= Task objective =
Please repeat the lines below, exactly and only, from the one that holds "Ahşap bir tahta, çatal" through the one that holds "May include: A".

= Input =
Content starts

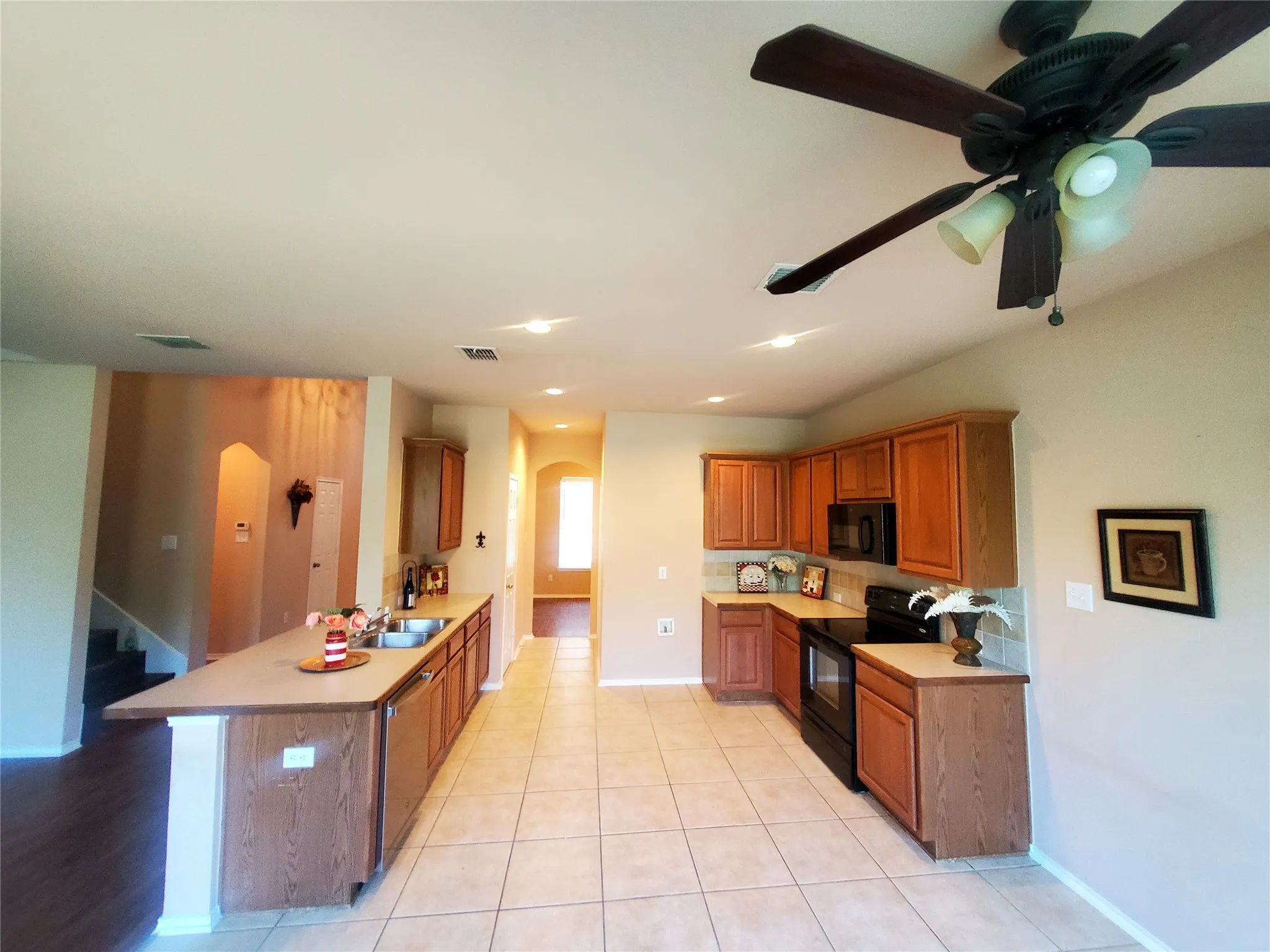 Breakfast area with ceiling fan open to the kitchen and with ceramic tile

Content ends
Content starts

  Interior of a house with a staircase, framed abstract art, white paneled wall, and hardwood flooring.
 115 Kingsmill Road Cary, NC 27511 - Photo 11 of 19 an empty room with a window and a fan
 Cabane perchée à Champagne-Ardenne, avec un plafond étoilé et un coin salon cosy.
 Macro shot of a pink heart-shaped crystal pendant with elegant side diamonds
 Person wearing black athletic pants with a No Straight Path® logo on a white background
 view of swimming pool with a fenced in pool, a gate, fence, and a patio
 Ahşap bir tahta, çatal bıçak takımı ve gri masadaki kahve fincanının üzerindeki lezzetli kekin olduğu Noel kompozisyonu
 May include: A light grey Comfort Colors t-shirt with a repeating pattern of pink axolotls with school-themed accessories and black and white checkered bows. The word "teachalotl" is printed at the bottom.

Content ends
Content starts

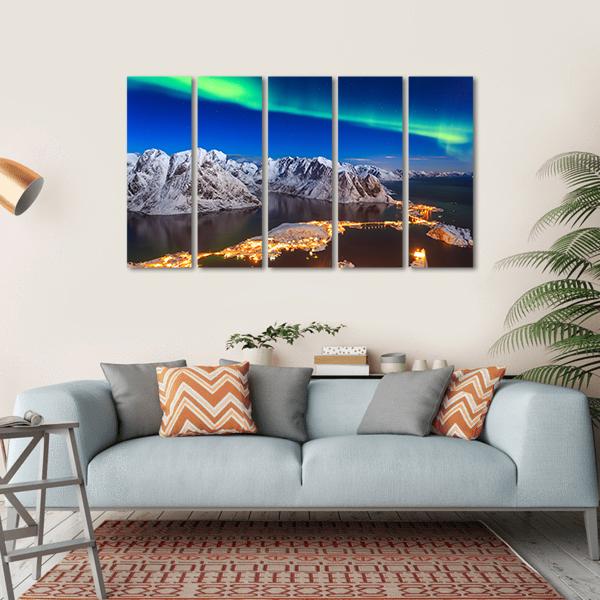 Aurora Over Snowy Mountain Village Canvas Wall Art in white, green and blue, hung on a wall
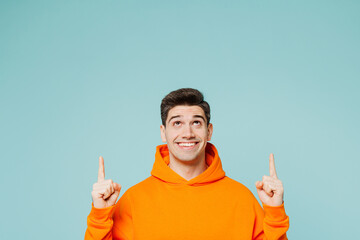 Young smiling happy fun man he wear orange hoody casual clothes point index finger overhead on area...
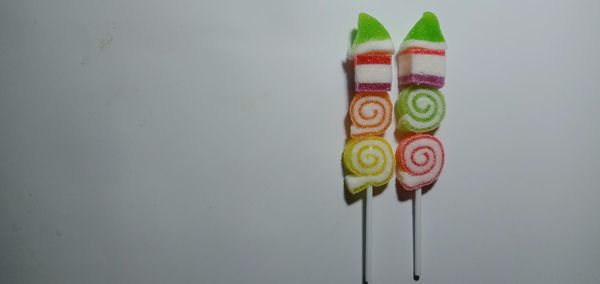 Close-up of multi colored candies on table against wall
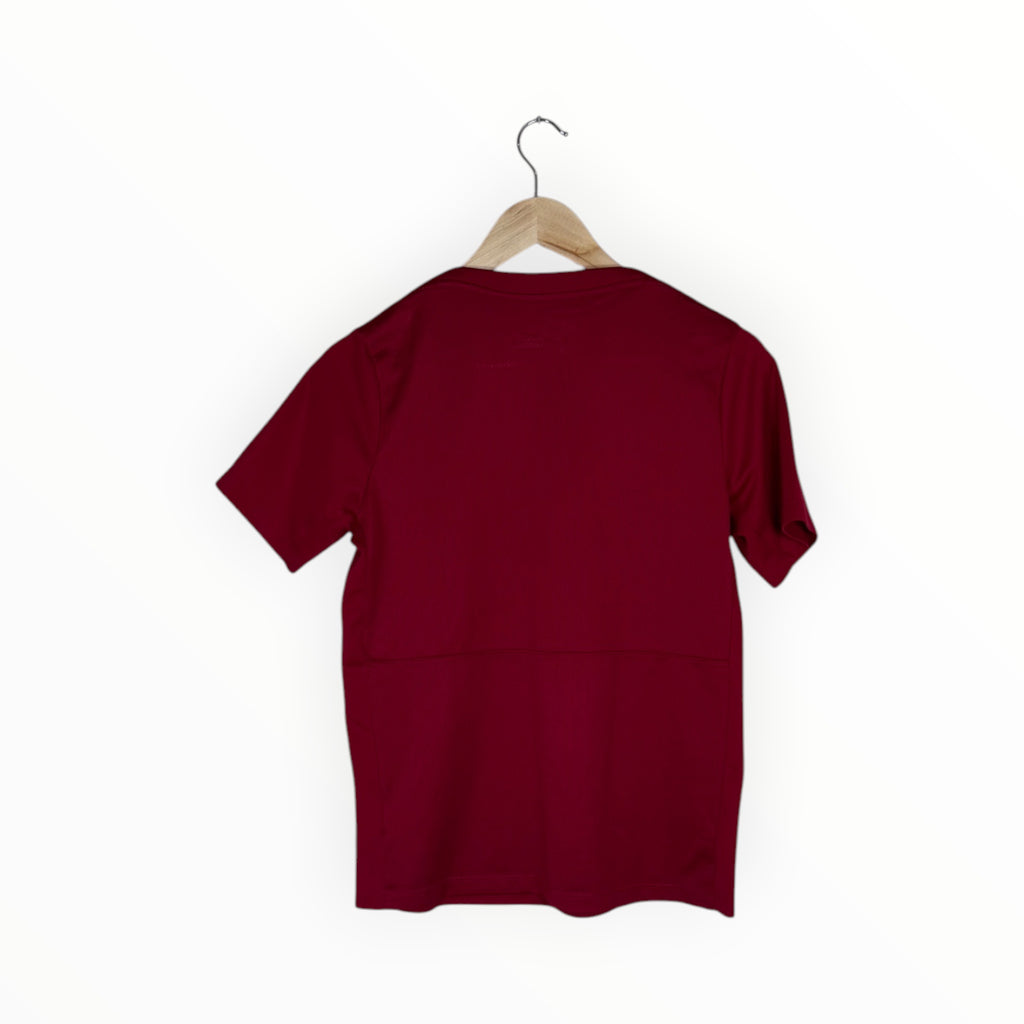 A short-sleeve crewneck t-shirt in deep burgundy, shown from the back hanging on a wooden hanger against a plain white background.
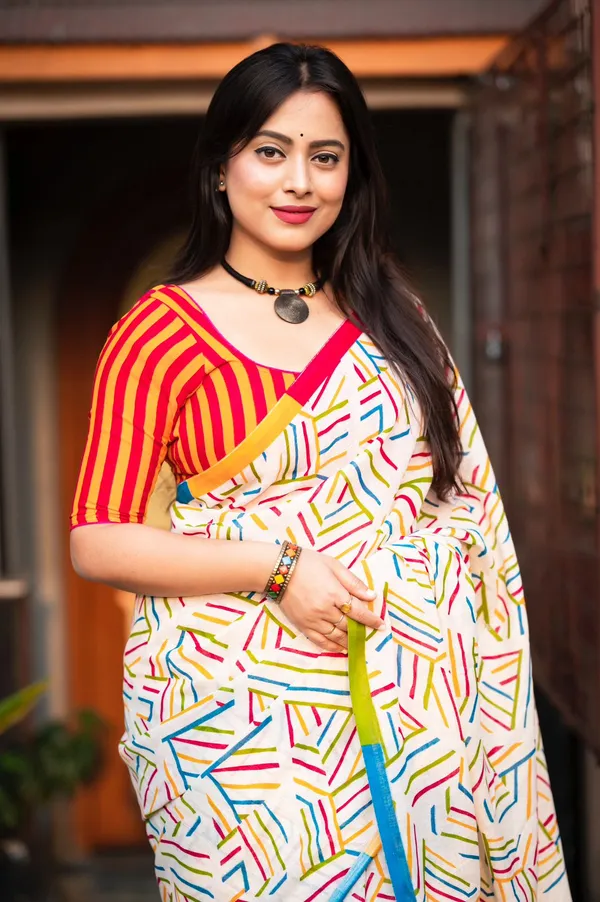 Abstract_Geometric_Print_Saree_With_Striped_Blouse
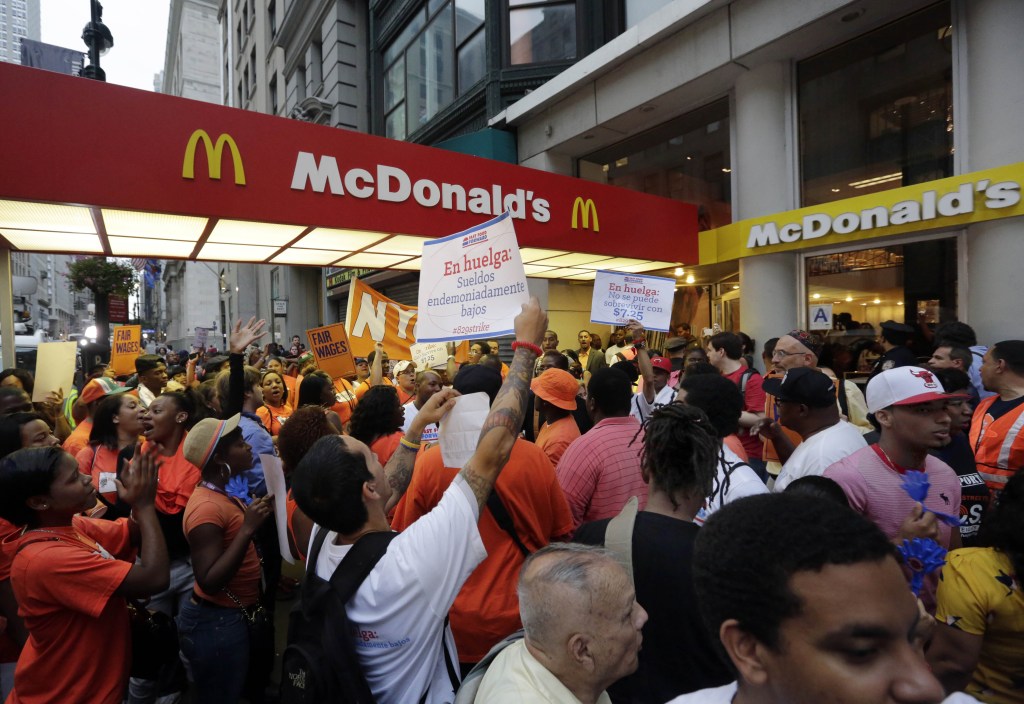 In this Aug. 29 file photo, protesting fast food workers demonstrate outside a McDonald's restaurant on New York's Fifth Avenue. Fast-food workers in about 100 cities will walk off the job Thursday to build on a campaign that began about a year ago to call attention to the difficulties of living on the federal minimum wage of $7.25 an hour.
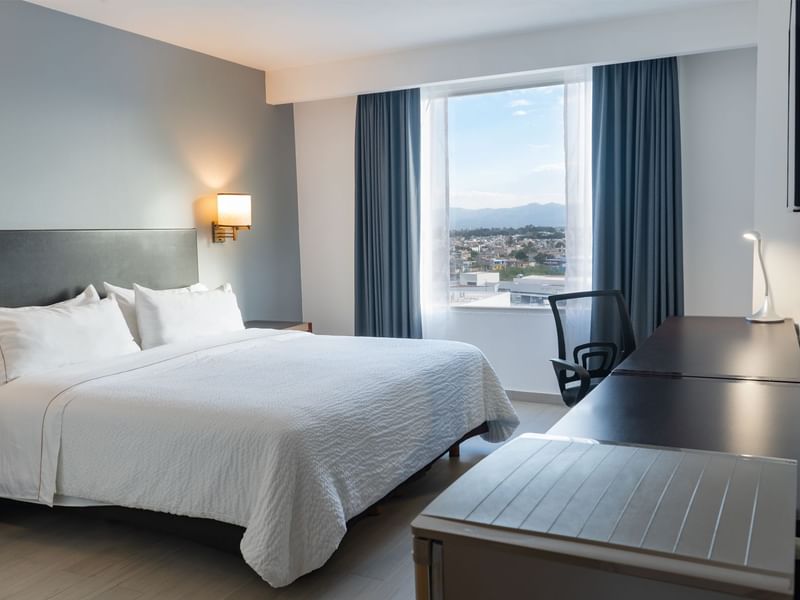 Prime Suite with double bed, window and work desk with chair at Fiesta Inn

Content ends

= Answer to this exercise =
 Ahşap bir tahta, çatal bıçak takımı ve gri masadaki kahve fincanının üzerindeki lezzetli kekin olduğu Noel kompozisyonu
 May include: A light grey Comfort Colors t-shirt with a repeating pattern of pink axolotls with school-themed accessories and black and white checkered bows. The word "teachalotl" is printed at the bottom.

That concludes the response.